IMF: Bahamian Economy Recovering at “Painfully Slow Pace”
Above: the Bahamas
By the Caribbean Journal staff
The economy of the Bahamas is recovering from the effects of the global financial crisis, but at a “painfully slow pace,” according to the International Monetary Fund, which recently concluded its Article IV consultation with the country.
The fund said economic activity in the Bahamas should recover “more strongly” from 2014 onward, however, as growth solidifies in the United States and with the opening of the Baha Mar resort project.

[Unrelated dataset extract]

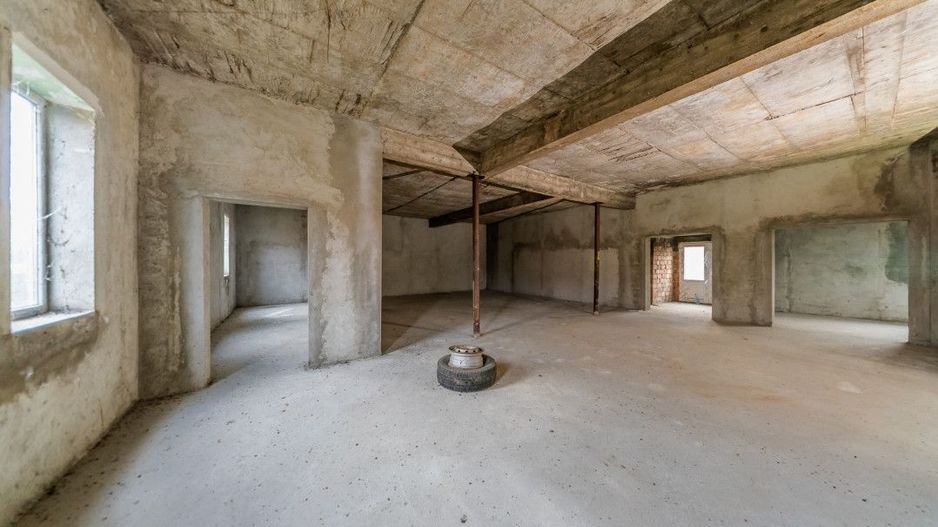 Casa caramida P+M, Vinga, cu potential spatiu comercial - Poză 1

“Growth performance over the medium term will also depend on success in addressing a number of challenges going forward, including diversifying tourist source markets and the tourism experience and expanding incoming airlift capacity; advancing efforts to close infrastructure bottlenecks and workforce skills shortages; and strengthening non-tourism sectors,” the IMF’s executive directors said in a statement. “Steadfast and timely execution of needed reforms will be crucial.”
After estimated real GDP growth of 1.9 percent in 2013, the country is projected to see GDP growth of 2.3 percent in 2014 and 2.8 percent in 2015, according to the IMF.

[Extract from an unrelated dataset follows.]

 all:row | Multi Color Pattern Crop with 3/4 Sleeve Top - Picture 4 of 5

Unemployment in the Bahamas rose to 16.2 percent in mid-2013, the fund said, and while tourist arrivals and expenditures have been “subdued,” “brisk investment and construction for the Baha Mar resort project have helped support economic activity.”

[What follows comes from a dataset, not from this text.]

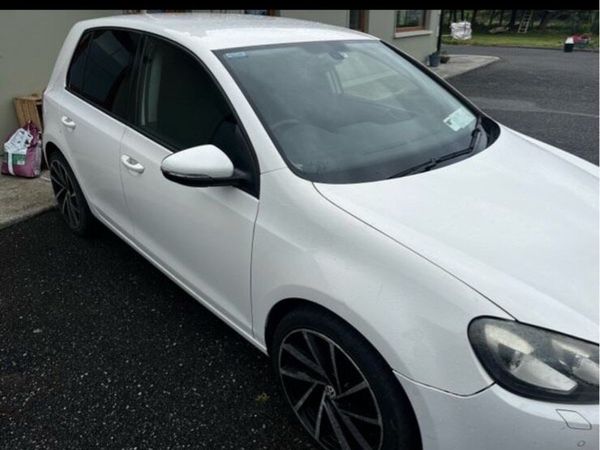 Volkswagen Golf Hatchback, Petrol, 2010, White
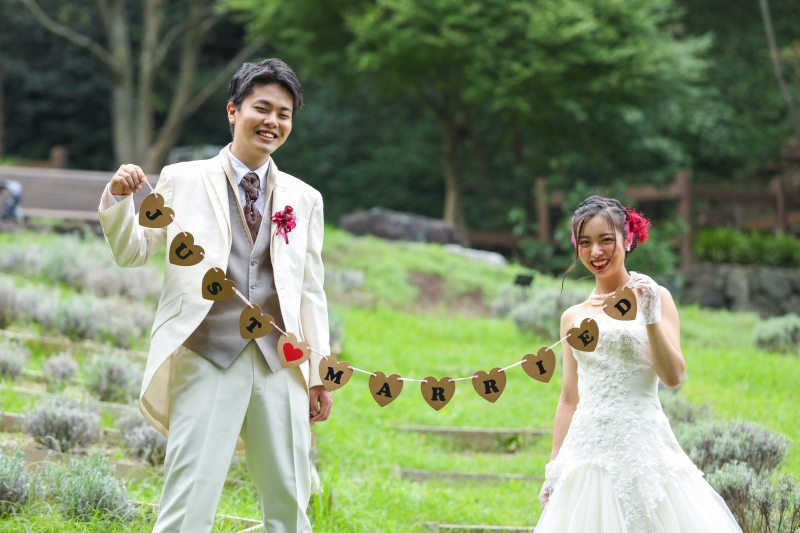 ウェディングアイテムを使って！ポップな一枚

“Rigorous implementation of the authorities’ fiscal consolidation plan is essential to recapturing medium-term budget and debt sustainability,” the Fund said. “The VAT is the cornerstone of the fiscal adjustment program; the authorities should ensure its timely and successful launch. On the spending side, the efforts to reinforce expenditure controls and monitoring should be accelerated, especially as regards goods and services spending and transfers; and reforms to improve the weak financial position of key public corporations and rein in transfers and subsidies should be given high priority.”